Губергриц: Мне кажется, ты сейчас путаешь немножко технологии брендинга и потребительское поведение? У нас, может быть, локальные нюансы потребления, которые только у нас. Да и то, в целом я думаю, что не мы первые, не мы последние, кто это проходил. Но если мы говорим о технологиях брендинга, то они, да, оттуда. И нас им в общем-то пока что наплевать. Это мы забираем эти технологии у них, а не наоборот. Вот поэтому мы пока учимся, впитываем и перерабатываем это знание, исходя из нюансов потребительского поведения нашего локального.

Георгиевская: Адаптируя уже.

Губергриц: Да.

Георгиевская: А есть ли внутри страны какая-то разница, например, подход к брендингу в Москве и в регионах?

Губергриц: Я много времени в регионах провожу и смотрю, что там происходит. Если Москва уже значительно вычистилась и уже не встретишь треша такого откровенного визуального, то в регионы приезжаешь, и там как в Москве 10-15 лет назад. Вывески друг на друге, перетяжки, все желто-красно-синее-фиолетово одновременно. И чем дальше вглубь, тем больше вывесок «от руки». Визуального шума в регионах сильно больше. Москва за последние годы действительно не плохо расчистилась. Более того кажется, что в Москве сейчас с плохим логотипом, айдентикой, вывеской довольно сложно. Ну, если уж не брать спальники и такие, знаешь, маргинальные районы возле метро дальних станций, так в целом, чем ближе к центру, тем аккуратнее, стильнее и брендовее становится. Но в регионах своя специфика. И мы ее видим. И она еще, наверное, идет о того, что здесь есть хорошие брендинговые агентства, здесь есть деньги, а там сидят дизайнеры, которым приходится быть многостаночниками и делать много всего и быстро. И это опять же накладывает специфику на то, что мы видим.

Если вы хотите делать магазины — встаньте изо стола, и идите туда, где ваша аудитория

Георгиевская: Я так понимаю, что общий стиль все равно подправляет глобально. Я вернусь к ретейлерам, просто ты говоришь про дальние улочки. Я долгое время жила в Люберецкой области. И вот когда в этом нашем Томилине появилась обновленная «Пятерочка», все стало иначе выглядеть.

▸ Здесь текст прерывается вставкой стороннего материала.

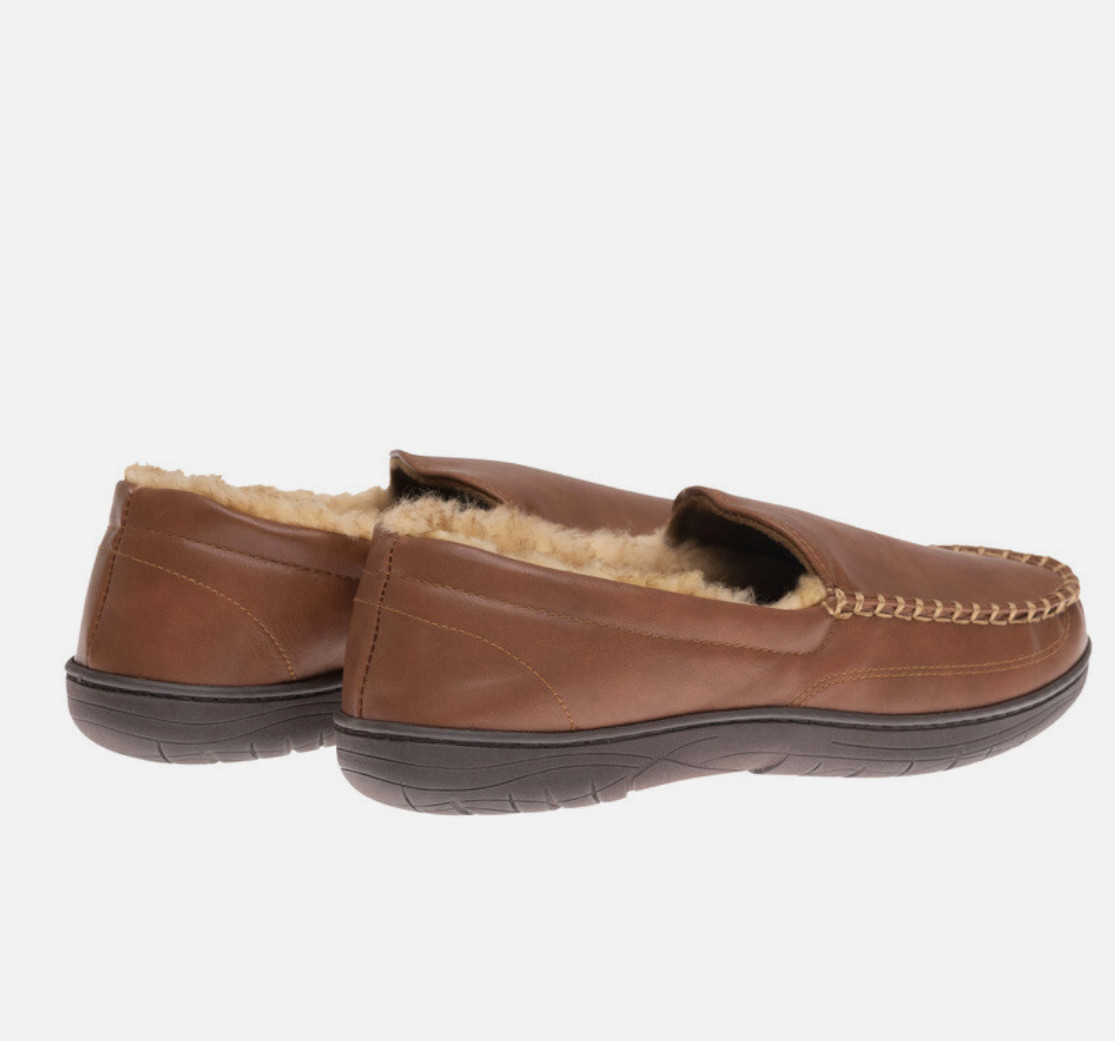 HAGGAR Men Smooth Venitian Slippers Tan Size M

Получается федеральные компании поднимают общий уровень.

Губергриц: Вообще ведущие бренды и большие федеральные бренды задают тон. В любом городе, деревне есть магазинчик какого-то сотового оператора…

Георгиевская: «Вкусно и точка»

Губергриц: Есть ретейлер, хорека мало-мальски брендовая. И они, конечно, задают визуальный тон. Вокруг них обычно начинает происходить движуха. То есть открылся якорный торговый центр или магазин большой, вокруг него начинают палаточки сразу образовываться, генерится трафик. И получается, что эти бренды ретейловые начинают задавать визуальный уровень. И чем он лучше, тем лучше для всех.

Георгиевская: А вот вы много занимаетесь ретейлом, как я уже говорила. Что вообще из себя представляет ретейл-брендинг, какие у него задачи?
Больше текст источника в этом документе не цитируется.